日本人駐在員の場合、同じような「日本人御用達」のマンションに住むことが多いため、ただでさえ「あの〇〇の支店長の奥さんは……」「〇〇さん、地元スーパーで〇〇をよく買っている!」といったうわさ話になりがちで、うんざりしてしまうからだ。

だが、日本に住む中国人の場合は状況が異なる。企業派遣の駐在員はまだ少なく、留学生や、留学後に日本企業に就職したり、独立して仕事をしている人が多く、みんなバラバラで、寄り集まって住んでいるわけではない。だから、顔も知らないけれど、同じ中国人同士という適度な距離があるので、気軽に離婚の相談までSNSでさっとできてしまうのだ。

少なくとも、私が知るかぎり、SNSをここまで頻繁に駆使し(私が知るかぎり、ほぼ24時間体制!)ネットワークを活用し、仕事やプライベートのためにここまで活用しているのは、おそらく世界で中国人だけではないだろうか。
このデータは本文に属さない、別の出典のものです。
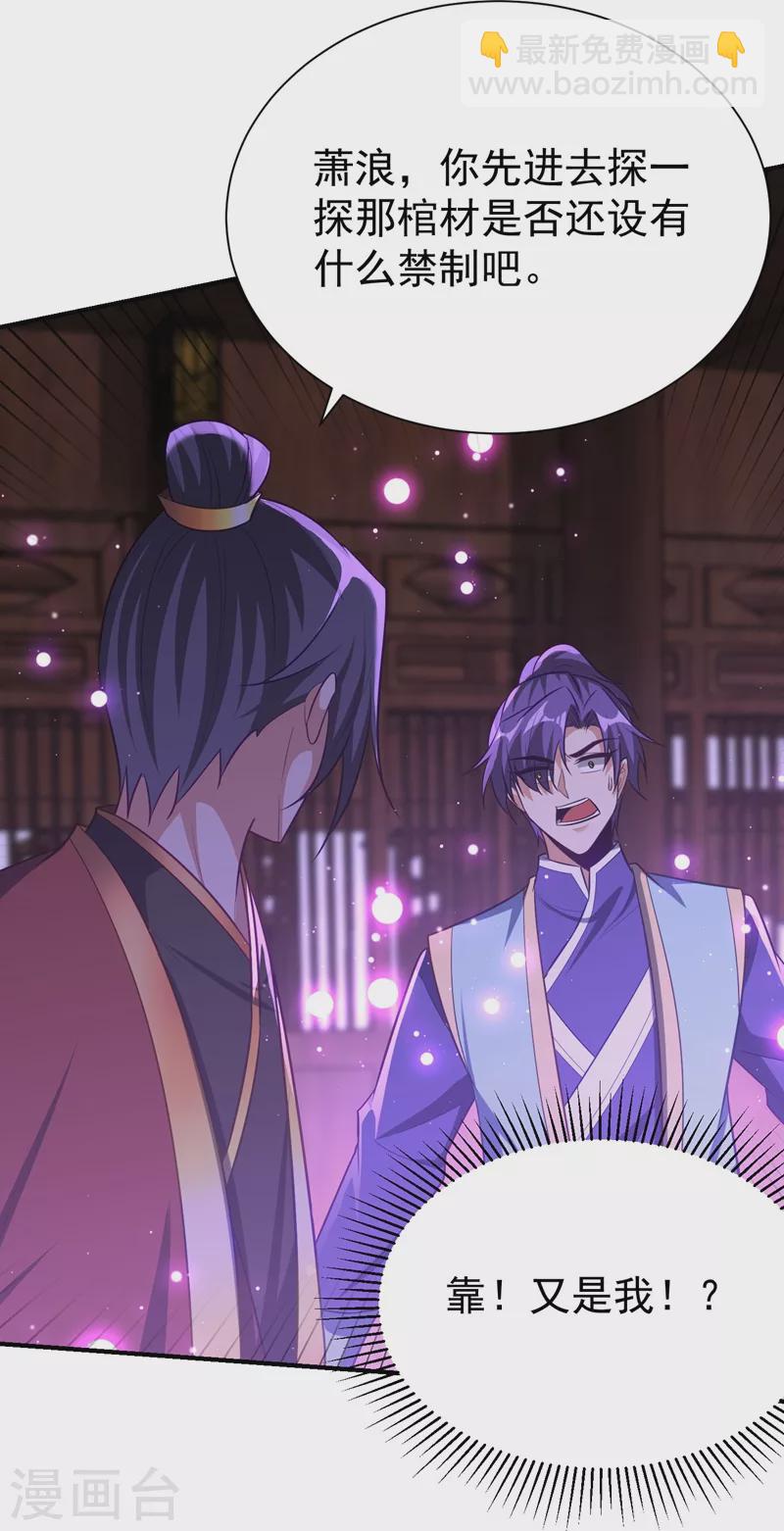 妖者爲王 - 第202話 紫藤變異了？！ - 7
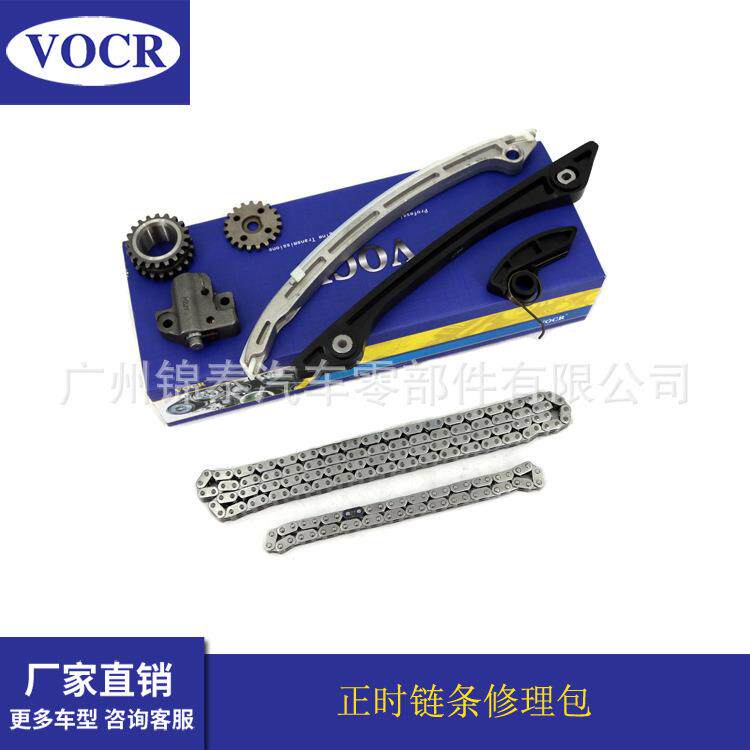 汽车发AJ813107动机正时链维修X8件条套新蒙迪欧2.0T揽胜极光2X.0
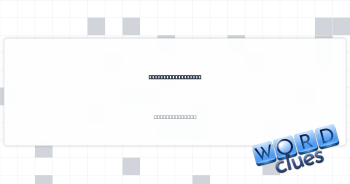 Do a laundry chore Crossword Clue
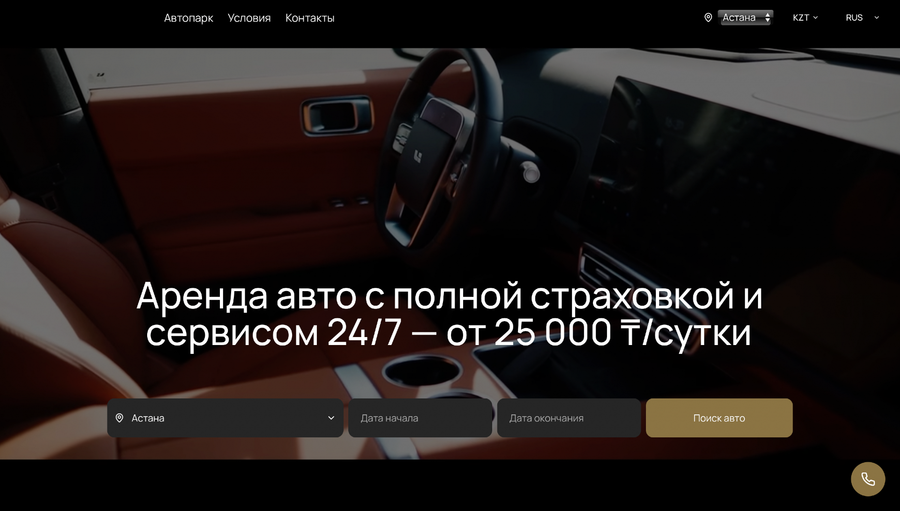 Автопрокат
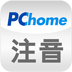 PChome注音輸入法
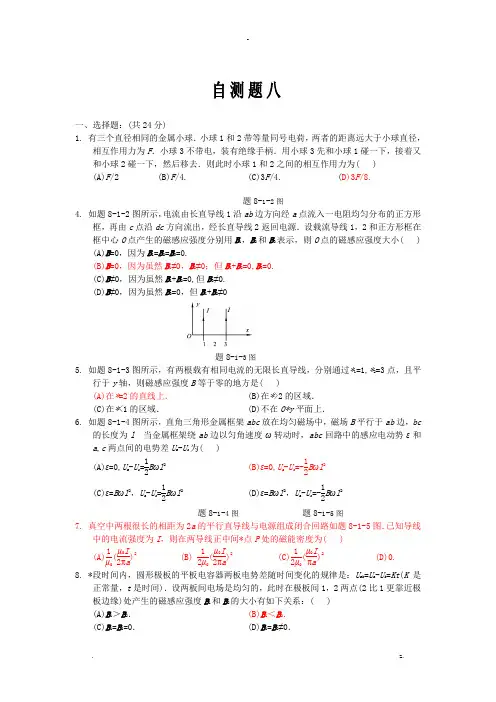 大学物理习题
それはやはり、彼らが母国の影響を強く受けているからだ。

異国に住まう中国人の生活の知恵

ウィーチャットの中国でのアクティブユーザーは9億6000万人といわれているが、それは世界中に飛び出した中国人にも広がっている。フェイスブックは世界で22億人以上が使っているといわれているが、日本国内に限っていえば、月間アクティブユーザーは約2800万人と、決して多くはない。海外に住んでいるからフェイスブックを始めました、という人ばかりではないだろう。海外に住む日本人が全員SNSで連絡を取り合っているとは思いにくい。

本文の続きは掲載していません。